● **Directions for this task**:
Give back exactly the line containing "Total Crypto Market" and all that follow it in the data below, with the pictures left out.

[Recorded data — start]

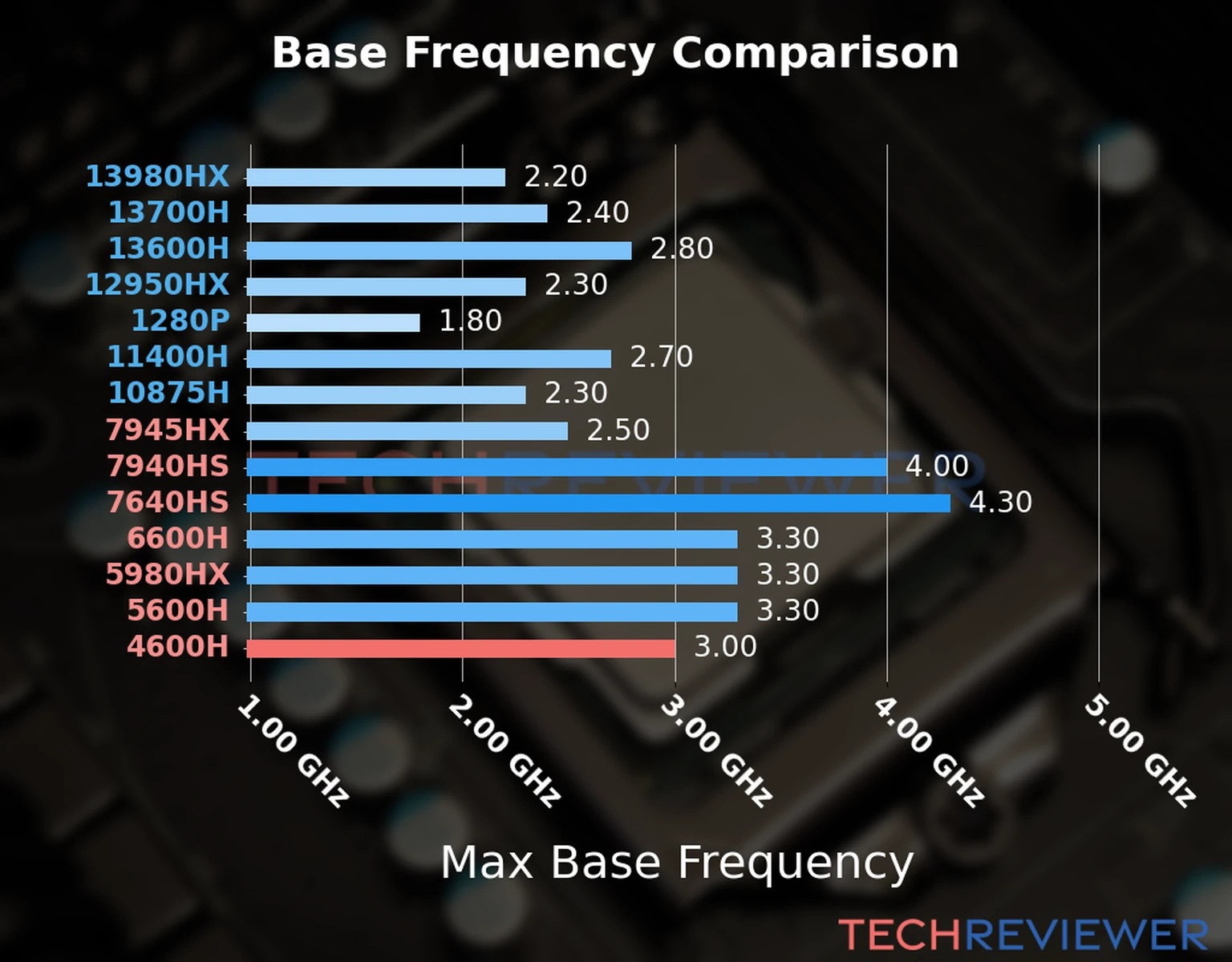 Our chart of the max base frequency of the Ryzen 5 4600H CPU compared to other Intel and AMD CPU models. We based the max base frequency on the max P-core base frequency for Intel 12th Gen and newer CPUs and based it on max base frequency for other CPU models. Our chart of the max base frequency of the Ryzen 5 4600H CPU compared to other Intel and AMD CPU models. We based the max base frequency on the max P-core base frequency for Intel 12th Gen and newer CPUs and based it on max base frequency for other CPU models.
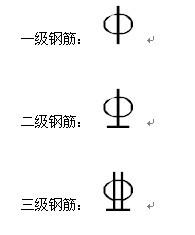 最新钢筋符号,最新钢筋符号，背景、发展、影响与地位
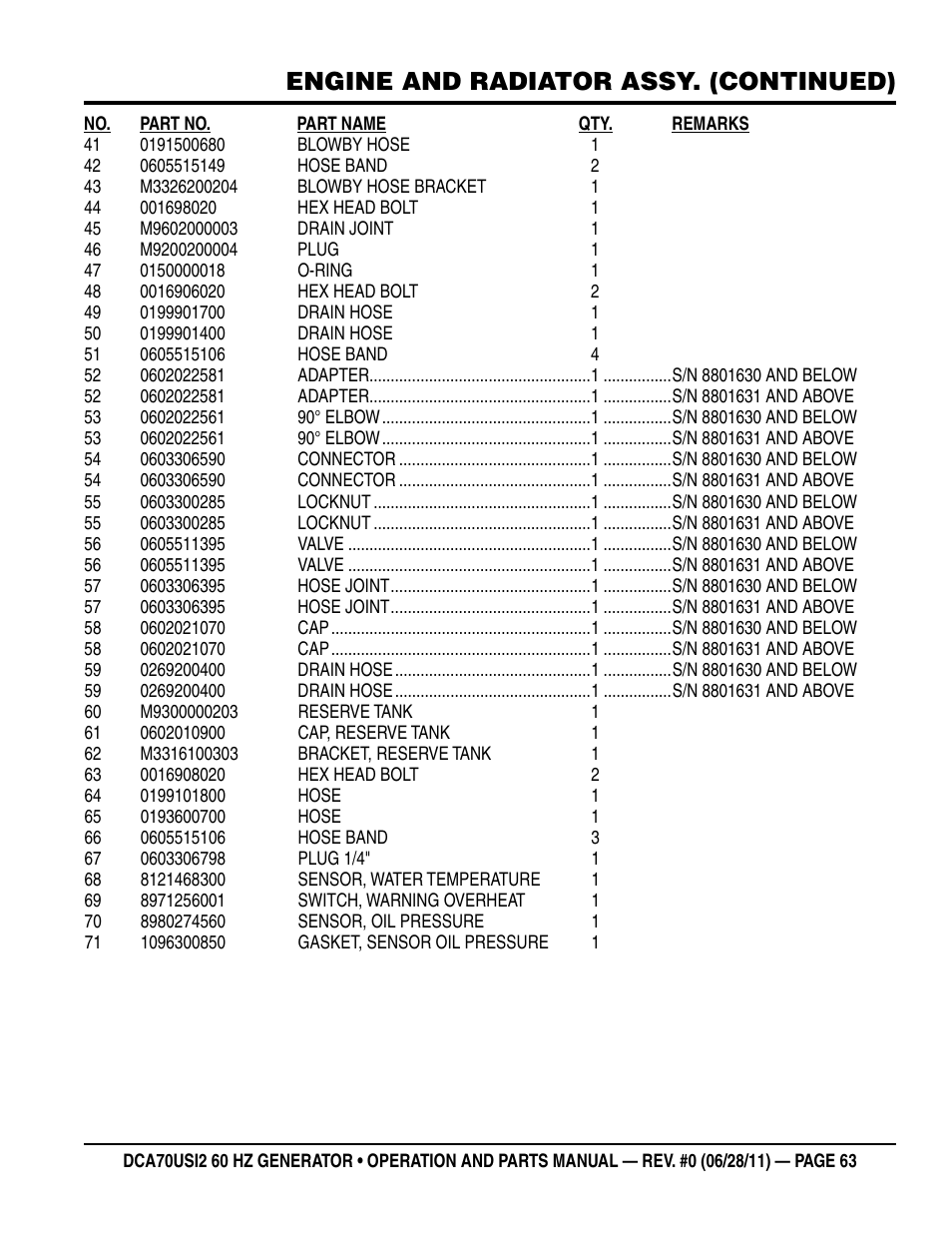 Engine and radiator assy. (continued) | Multiquip Power Whisperwatt Series 60HZ Generator DCA70USI2 User Manual | Page 63 / 84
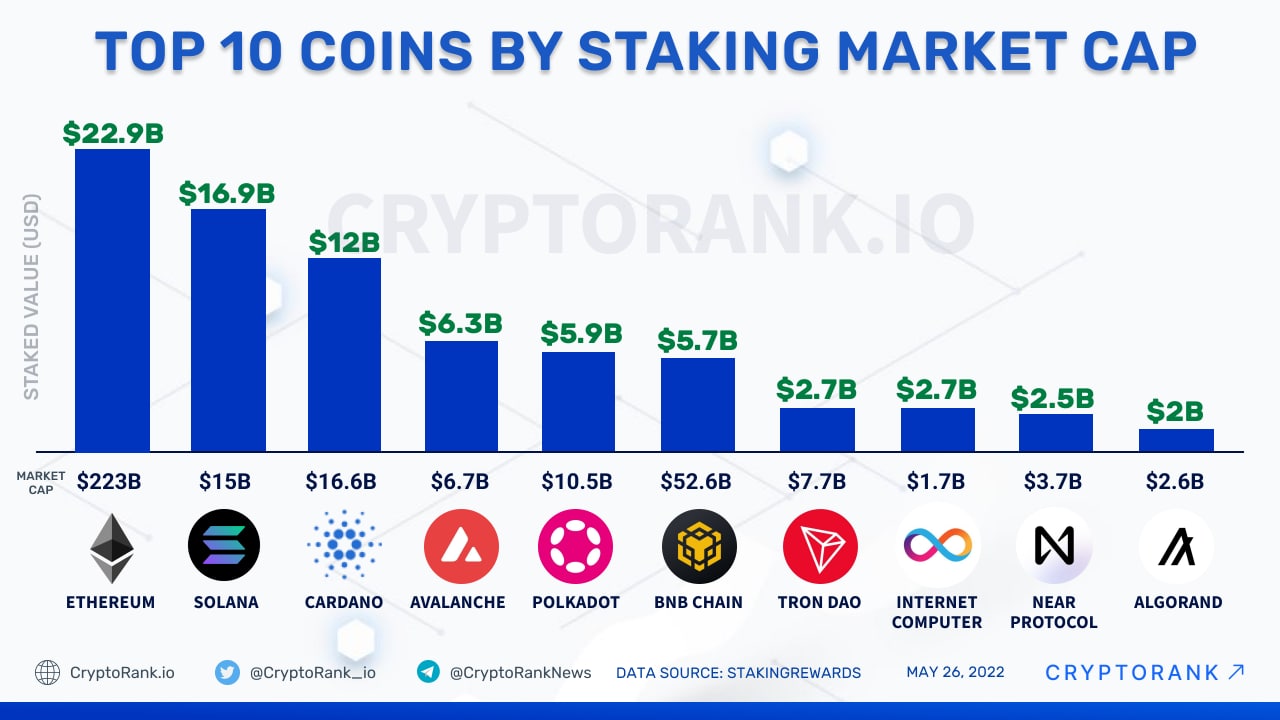 Total Crypto Market Cap — Index Chart — TradingView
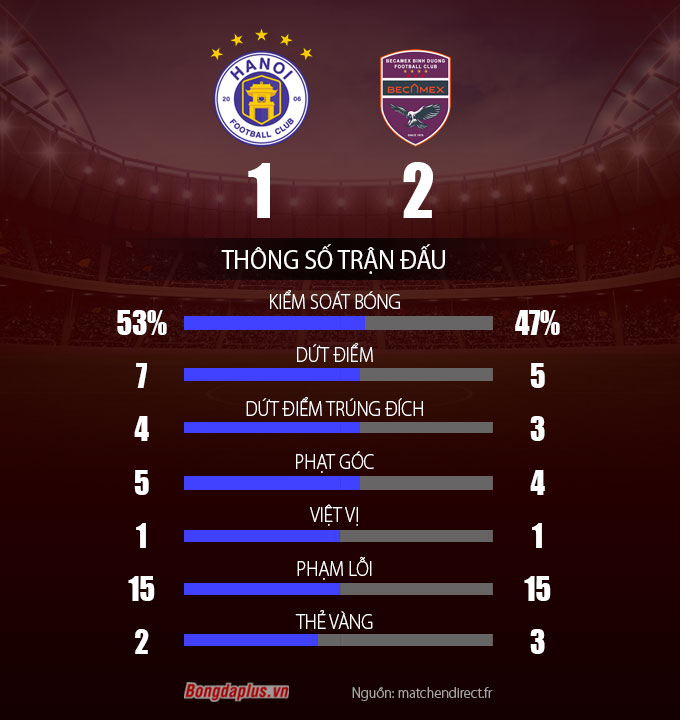 Thông số sau trận Hà Nội FC vs Becamex BÌnh Dương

[Recorded data — finish]

● **Written answer**:
 Total Crypto Market Cap — Index Chart — TradingView
 Thông số sau trận Hà Nội FC vs Becamex BÌnh Dương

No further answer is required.